Another big one that they pioneered, and I’ve got a little example I’ll show you here, was using bearings inside the pump. This is a roller bearing [demonstrating]. It’s made out of steel. It’s called 440-C steel. Feel this one. That’s a silicon nitride. It’s a ceramic bearing. That’s a roller bearing. This is a ball bearing. Take a hammer, you can’t even break that with a hammer. It doesn’t care anything about the temperature of loading.

What we used to do in the early days, we had to take the pumps off. We’d fly the first test, take the pumps off, put new bearings in, and have to overhaul the pumps. We just worried. With the alternate turbo pump with Pratt & Whitney, and our folks did a lot of work in developing this technology here, this silicon nitride bearing is very expensive. In fact, I went to a couple of companies in Germany where they make these and they showed us how they do it. You wonder how they make a round ball, and you have two plates. These are diamond wheels. They use industrial diamonds and grind them between, and that’s how they make them round. Of course, it’s a very precision operation.

I’ll show you one problem. Feel this one. That’s steel. Feel this one. This is a round one like that too. That’s a ceramic bearing. They use them in chemical processes like acids. If you put acid on this steel, it’d eat it up, so we had those bearings and we’ve been flying those. Our folks did a lot of work out here at our material testing, bearing testing here at Marshall to support Pratt & Whitney on this new technology. That’s helped us. That was a big change when we put both pumps on.

We’ve been flying several years now with the pumps, with the bearings and the new turbo pumps. The Space Shuttle main engine today flies with the Pratt & Whitney pumps. That doesn’t matter, because they bought Rocketdyne, by the way. Boeing didn’t want Rocketdyne, so that’s part of the same company. We’ve been flying for many years now the fuel pump, we started earlier on it. Then we went to the LOX pump after that.

J.R. can give you all that background about the alternate turbo pump, but it’s worked out better. It was a big challenge. I spent a lot of time on the engine. I think the engine really was probably the hardest thing for all of us in terms of technology and technological advancement.

If you look at another one that I hadn’t talked to you about, but if you just take the J-2 engine, that’s what we flew on Saturn. You had an oxidizer pump and a fuel pump, and both of them had propellants that came to one combustor. That’s just a combustion chamber. Hot gas comes out, drives a turbine that drives the pumps and takes the propellants from the tank, forces it in the combustion chamber. You ignite it with a spark plug, like your car. It’s a more exotic spark plug and exciter, and the pump will start going. You bring propellants in there to do that.
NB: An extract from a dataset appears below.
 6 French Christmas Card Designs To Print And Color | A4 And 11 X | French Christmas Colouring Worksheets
The Space Shuttle’s main engine is what we call stage combustion, a complete new cycle. In the past (J-2) from that turbine I told you about, combustor and everything, you discharge all that gas overboard, so you didn’t get the performance that you could have. In stage combustion, each pump has its own combustion chamber or what we call a pre-burner. You bring the two propellants into it, and each one operates individually its own pump, stage combustion. It goes in the main combustion chamber, and those exhaust gases come in there also. You don’t waste anything and you get the additional performance. A big change in technology to go to that. The temperatures are higher. You worry about the loads on the turbine blades. You think about a little old turbine blade has got like seven and a half tons’ load on it, with centrifugal forces.
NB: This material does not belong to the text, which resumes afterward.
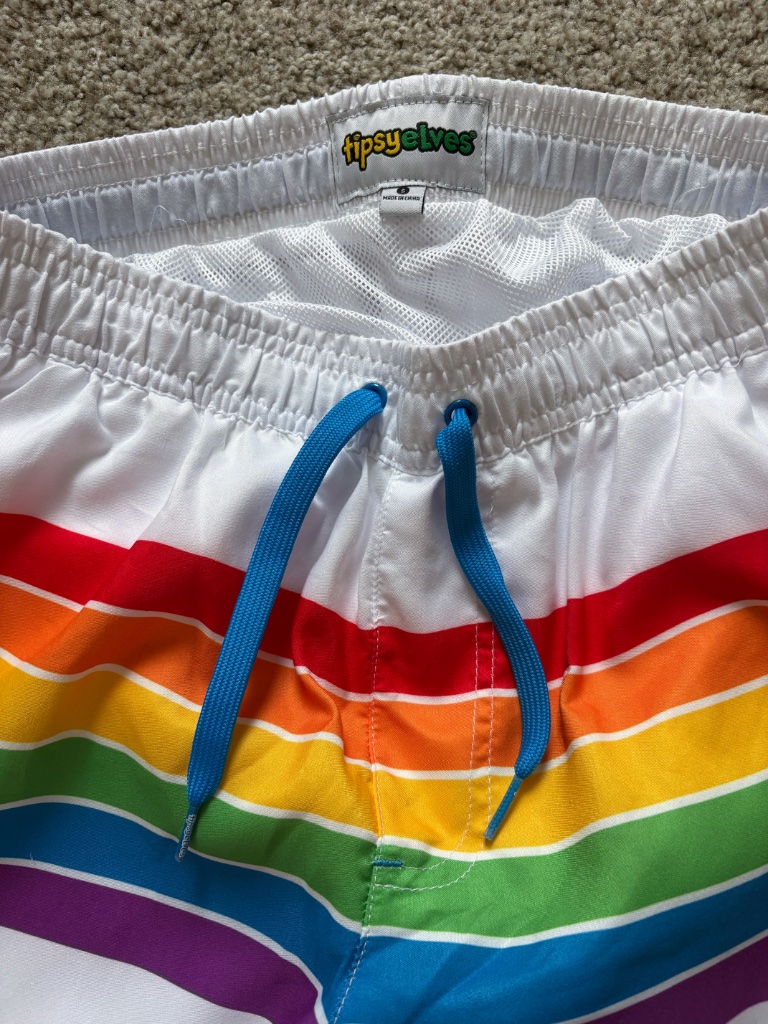 Tipsy Elves Men's White Rainbow Swim Trunks, Size S — image 5 of 7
Really, the engine, I think, was the biggest technological issue that we had to deal with and getting to where it is. Here we’ve been flying all these years and the engine’s been wonderful, and today it’s the most reliable system that we’ve got on Shuttle, and I don’t know why we’re not continuing to use it for whatever new vehicles we’re looking at. That was probably the biggest one, using the pumps and then doing some of the other mods [modifications] that we did on the engine.
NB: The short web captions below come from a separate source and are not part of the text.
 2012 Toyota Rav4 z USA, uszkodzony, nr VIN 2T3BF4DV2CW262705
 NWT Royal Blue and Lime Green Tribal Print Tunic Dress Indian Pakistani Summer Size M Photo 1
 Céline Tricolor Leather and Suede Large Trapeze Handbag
There were some other changes we made. We have a computer on the engine, a controller, we call it. It’s the controller that has all the intelligence to operate the valves, sequence the valves, and get the propellants at the right time at the right place, all the components on there. It’s the brain, if you will, of the engine. We modified it a couple of times, increased the memory and what it can do in terms of making measurements and getting information for us.

In addition, we’ve gone to what we call a health monitoring system that’s a part of that. It takes instrumentation temperature and accelerometer, particularly accelerometer, measures vibration, and it has built inside—we’ve been flying this, by the way, for safety, and it can shut itself down just like that if they see certain critical levels. That’s what our advanced health monitoring system did for us. When you ask what upgrades have been made for safety, that’s probably the biggest one, particularly on the engine. And it’s been working well. We haven’t had any problem with it, reliability .999, way up there. The Russians never built anything on that.

The one downside, on the nozzle we have tubes coming down that are cooled by liquid hydrogen and come down to a manifold down below and turns and goes up another tube, and into the chamber. These tubes are put in together, and they’re tapered. There’s about a thousand of them, and the worker has to assemble them precisely. We talked to the Russians, how do they do it, and they had a large manifold on the outside. The tooling they have is as big as this room to make this equipment. They don’t use tubes like we do.

Tubes are lightweight, a lighter weight than what they use, but they have huge castings, and then they weld these things together. We looked at their technology a few years ago, went over to see if that was something we want to do here. They wanted to sell it to us, and it is just a nightmare, a mess for the tooling, and so we never pursued it. It wasn’t going to pay off. It would cost so much just for that. They were willing to sell us that technology.

By the way, you know, the Atlas V uses their engine. We use Russian engines today. I don’t know if NASA uses them. The Air Force is using it, the two RD-180s, I think it is, their two engines for the first stage on their upgraded Atlas. The upper stage is liquid hydrogen.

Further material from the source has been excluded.